(UPDATE) SC upholds transfer order of Manila oil depot
By Tetch Torres
INQUIRER.net
First Posted 15:16:00 02/13/2008
MANILA, Philippines -- The Supreme Court has upheld an ordinance by the Manila City government ordering the transfer of the oil depot housing the operations of three oil firms.
In a 78-page resolution released Wednesday by the First Division, through Associate Justice Renato Corona, the high court dismissed the petition by Chevron Philippines, Petron Corp., and Pilipinas Shell Petroleum Corp. and the Department of Environment against Manila Ordinance No. 8027 directing the removal of the oil terminals from Pandacan.

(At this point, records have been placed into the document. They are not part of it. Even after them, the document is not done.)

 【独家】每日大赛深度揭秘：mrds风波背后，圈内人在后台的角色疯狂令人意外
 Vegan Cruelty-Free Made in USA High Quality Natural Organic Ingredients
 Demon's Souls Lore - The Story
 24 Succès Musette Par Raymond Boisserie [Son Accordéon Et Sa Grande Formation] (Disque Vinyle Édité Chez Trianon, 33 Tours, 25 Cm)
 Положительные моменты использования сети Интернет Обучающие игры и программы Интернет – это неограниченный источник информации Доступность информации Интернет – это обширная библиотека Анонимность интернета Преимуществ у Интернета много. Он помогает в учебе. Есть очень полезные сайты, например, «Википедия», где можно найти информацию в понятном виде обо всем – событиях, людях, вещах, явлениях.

The same ordinance reclassified portions of Pandacan and Sta. Ana from industrial to commercial and directed certain business owners and operators, including Chevron, Petron, and Shell to cease and desist from operating their businesses in these areas.
The high tribunal also ordered the Manila mayor, in this case, Alfredo Lim, to oversee the relocation and transfer of the oil terminal from Pandacan in coordination with appropriate agencies and other parties involved.

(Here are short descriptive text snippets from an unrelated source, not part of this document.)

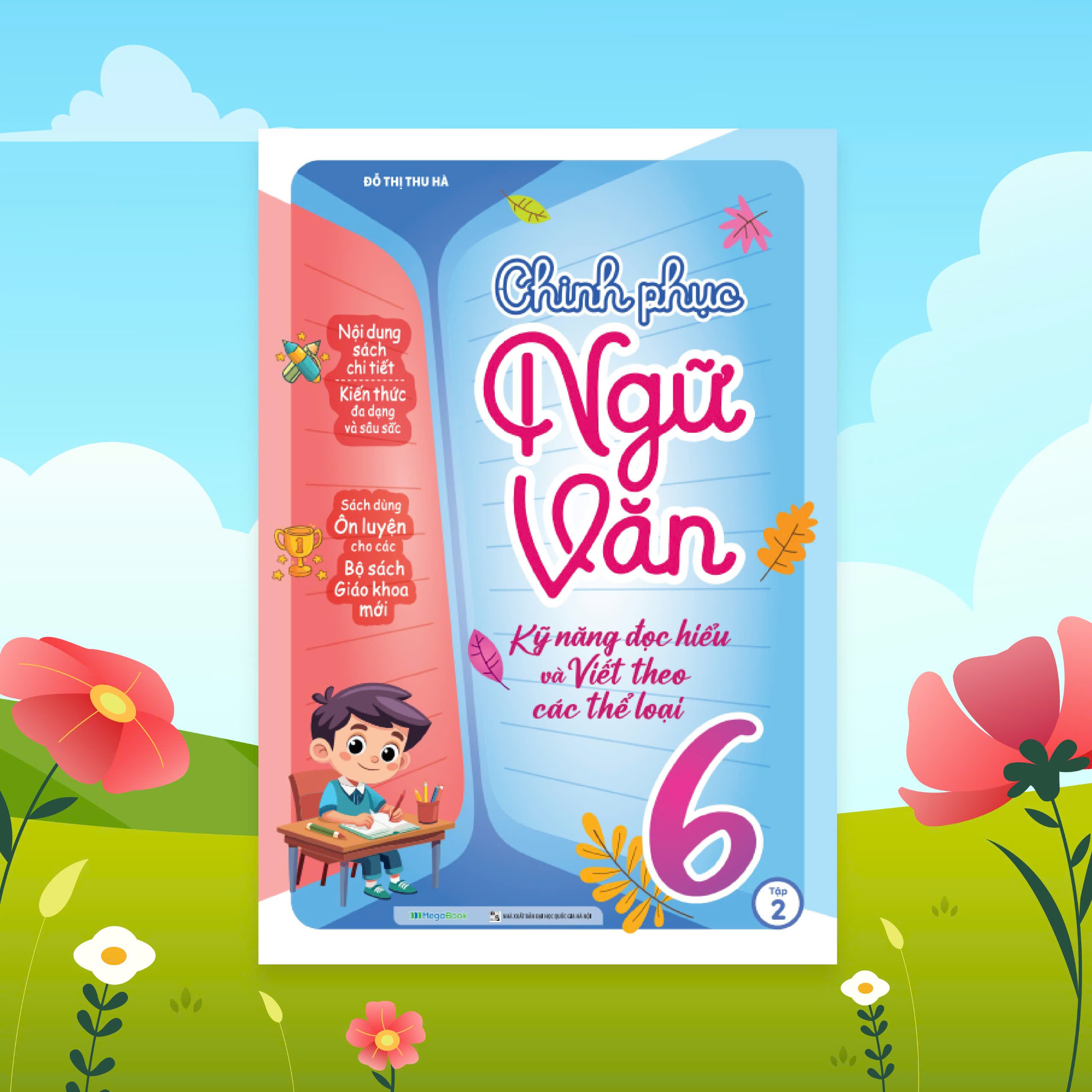 Chinh Phục Ngữ Văn - Kỹ Năng Đọc Hiểu Và Viết Theo Các Thể Loại Lớp 6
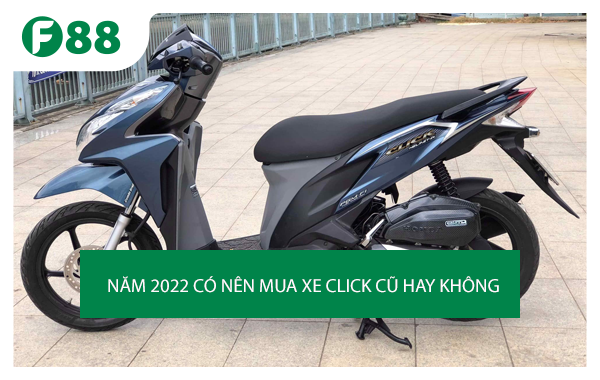 Có nên mua xe Click cũ không khi đã ngừng sản xuất mới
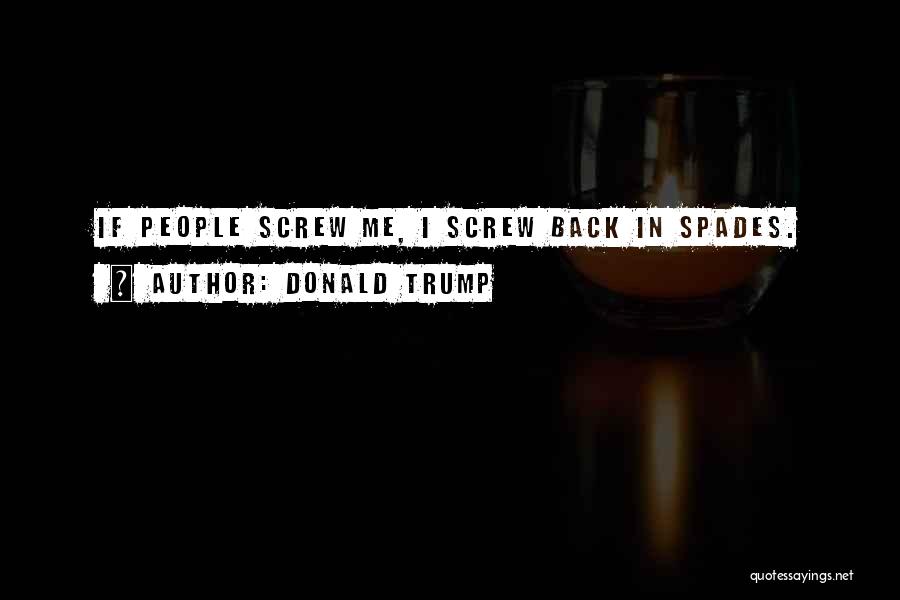 J Spades Quotes By Donald Trump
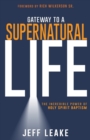 Image for Gateway to a supernatural life  : the incredible power of Holy Spirit baptism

It asked Branch 39 of the Manila regional trial court to ensure that the resolution would be strictly enforced.
The high court gave the three oil companies a 90-day non-extendable period to submit before the Manila RTC their comprehensive plans and relocation schedules to ensure the orderly transfer, movement, and relocation of assets and personnel.
“Essentially, the oil companies are fighting for their right to property. They allege that they stand to lose billions of pesos if forced [to] relocate. However, based on the hierarchy of constitutionally protected rights, the right to life enjoys precedence over the right to property. The reason is obvious: life is irreplaceable, property is not. When the state or [local government unit] LGU’s exercise of police power clashes with a few individuals’ right to property, the former should prevail,” the court said.

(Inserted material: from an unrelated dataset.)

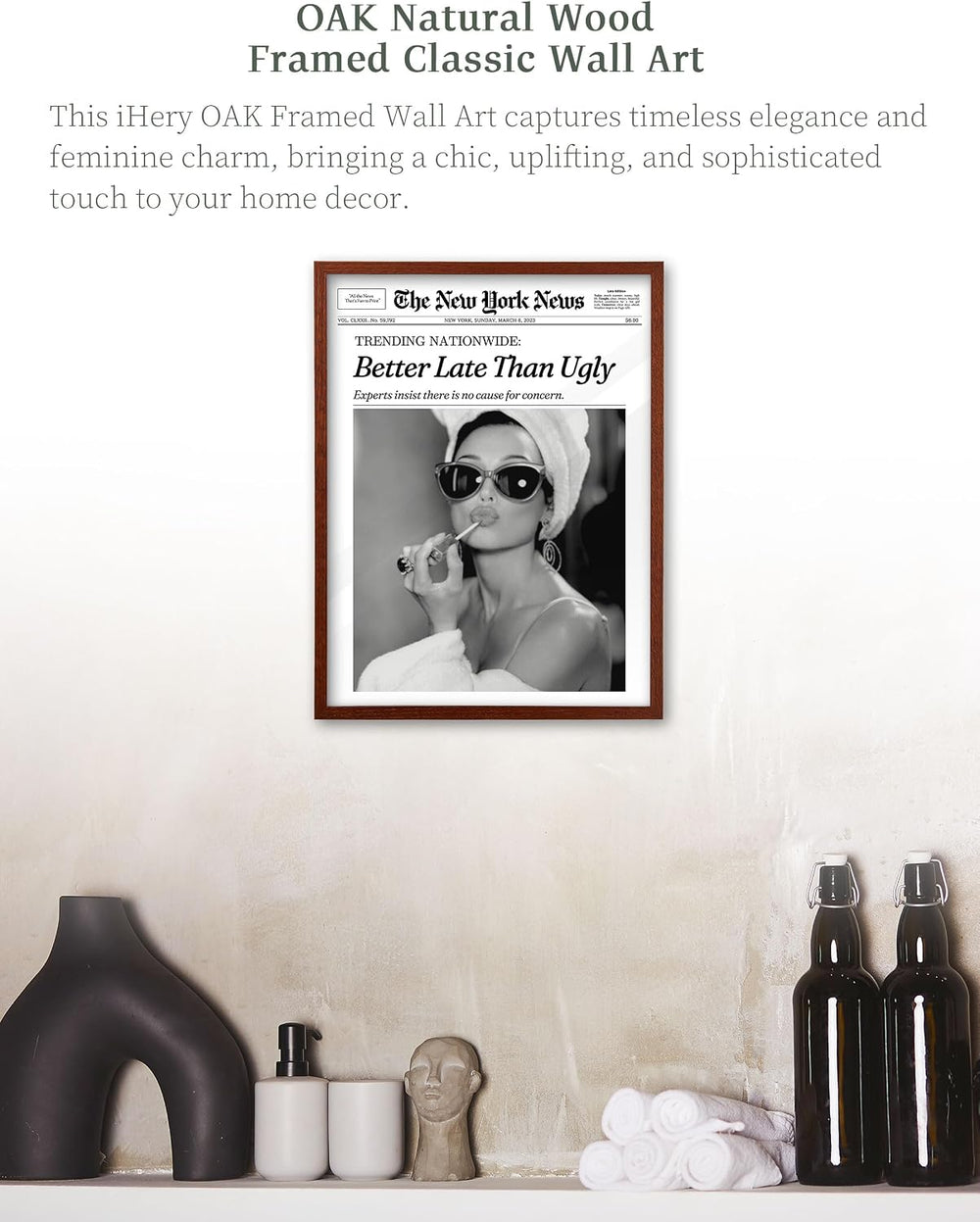 iHery 12x16in Audrey Hepburn Better Late Than Ugly Framed Bathroom Art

The high court also dismissed the pending case with the Manila RTC questioning the validity of the ordinance.
It noted that the injunctive writs previously issued by the Manila RTC against the city government were not impediments to the enforcement of Ordinance No. 8027 because the writs “had no legal leg to stand on.”
“Nowhere in the judge’s discussion can we see that, in addition to a showing of a clear legal right of Chevron and Shell to the remedy sought, he was convinced that they had made out a case of unconstitutionality or invalidity strong enough to overcome the presumption of validity of the ordinance.”
The high court also held that Ordinance No. 8027 was not superseded by Ordinance No. 8119 (An Ordinance Adopting the Manila Comprehensive Land Use Plan and Zoning Regulations of 2006 and Providing for the Administration, Enforcement and Amendment Thereto) and did not impliedly repeal Ordinance No. 8027.
“The conflict between the two ordinances is more apparent than real. The two ordinances can be reconciled. Ordinance No. 8027 is applicable to the area particularly described therein whereas Ordinance No. 8119 is applicable to the entire City of Manila,” the court said.
This high court ruling stemmed from an original action for mandamus filed by the political party Social Justice Society (SJS) and Manila residents Vladimir T. Cabigao and Bonifacio S. Tumbokon asking the high court to compel Atienza to enforce a city ordinance that would shut down the Pandacan depot.
The high court granted the petition and the city government did not appeal, prompting the oil companies to seek a reversal of the tribunal’s decision.
Meanwhile, spokesman Jose Midas Marquez said the oil companies could still appeal for their case to be elevated to the en banc.